US blues musician. One of the last of the great country blues singers and one of the first major players of modern Chicago blues, he was raised on the Stovall Plantation in Clarksdale, Mississippi, where he began playing harmonica and guitar while working as a sharecropper. In 1950 he gained his first national success with ‘Rolling Stone’, the first release of Chess Records, the rhythm-and-blues label with which his name was linked for the next 25 years. In 1952 he made his first recordings with his six-piece combo, which pioneered the electronically amplified Chicago blues style. Featuring Little Walter, Jimmy Rogers, and Otis Spann, this group released several rhythm-and-blues hits, including ‘Hoochie Coochie Man’ and ‘Got My Mojo Working’, and toured extensively on the black nightclub circuit throughout the 1950s.
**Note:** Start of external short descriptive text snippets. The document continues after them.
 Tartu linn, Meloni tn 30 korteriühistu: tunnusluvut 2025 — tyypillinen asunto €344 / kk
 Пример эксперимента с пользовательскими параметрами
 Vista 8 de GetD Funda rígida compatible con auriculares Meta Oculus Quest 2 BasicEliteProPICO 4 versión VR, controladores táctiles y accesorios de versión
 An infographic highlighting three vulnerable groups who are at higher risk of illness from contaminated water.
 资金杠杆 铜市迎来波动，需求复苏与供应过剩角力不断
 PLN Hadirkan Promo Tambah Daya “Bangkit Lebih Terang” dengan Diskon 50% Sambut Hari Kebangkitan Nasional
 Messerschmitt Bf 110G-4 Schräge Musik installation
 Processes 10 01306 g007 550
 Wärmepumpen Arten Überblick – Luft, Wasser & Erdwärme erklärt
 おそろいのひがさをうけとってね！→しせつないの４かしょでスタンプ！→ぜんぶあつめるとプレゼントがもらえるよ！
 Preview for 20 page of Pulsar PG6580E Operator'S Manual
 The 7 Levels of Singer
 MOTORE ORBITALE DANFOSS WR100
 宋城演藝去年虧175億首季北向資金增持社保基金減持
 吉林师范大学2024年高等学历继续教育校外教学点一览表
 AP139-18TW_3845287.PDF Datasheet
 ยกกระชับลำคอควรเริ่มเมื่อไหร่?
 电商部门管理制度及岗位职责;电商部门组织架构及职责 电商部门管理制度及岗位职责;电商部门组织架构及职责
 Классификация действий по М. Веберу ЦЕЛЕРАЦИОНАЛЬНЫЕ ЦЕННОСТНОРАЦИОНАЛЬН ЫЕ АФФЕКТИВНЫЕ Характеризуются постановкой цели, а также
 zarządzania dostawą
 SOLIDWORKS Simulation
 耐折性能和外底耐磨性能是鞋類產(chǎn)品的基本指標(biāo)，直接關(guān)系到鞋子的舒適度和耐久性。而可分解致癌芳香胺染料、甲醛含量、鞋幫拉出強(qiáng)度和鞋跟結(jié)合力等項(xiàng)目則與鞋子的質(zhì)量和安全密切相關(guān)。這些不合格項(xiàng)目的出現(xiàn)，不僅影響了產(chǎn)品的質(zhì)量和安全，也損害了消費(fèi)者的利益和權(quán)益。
Muddy Waters was born in Rolling Fork, Mississippi. In 1941–42, he was recorded by Alan Lomax, the folklorist of the Library of Congress, and, encouraged by this experience, he moved to Chicago, Illinois, in 1943 to seek a career in music. Over the next several years, he gradually developed an ensemble blues style while performing in neighbourhood bars in Chicago's South Side ghetto. In 1946 he recorded an unreleased session for Columbia Records, and for the next three years he recorded in a country blues style for Aristocrat Records. He made the first of several annual tours of England in 1958, during which he became a major influence on the early British rock scene. He appeared at the Newport Jazz Festival in 1960, and was a central figure in the folk-blues revival of the mid-1960s. By the late 1960s, his songs were widely covered in rock; several headlining performers, including the Rolling Stones and Eric Clapton, featured him on their tours. He was a regular Grammy winner throughout the 1970s, and his appearance in The Band's farewell concert, filmed as The Last Waltz (1978), was widely acclaimed. He was given a place in the Rock and Roll Hall of Fame in 1987.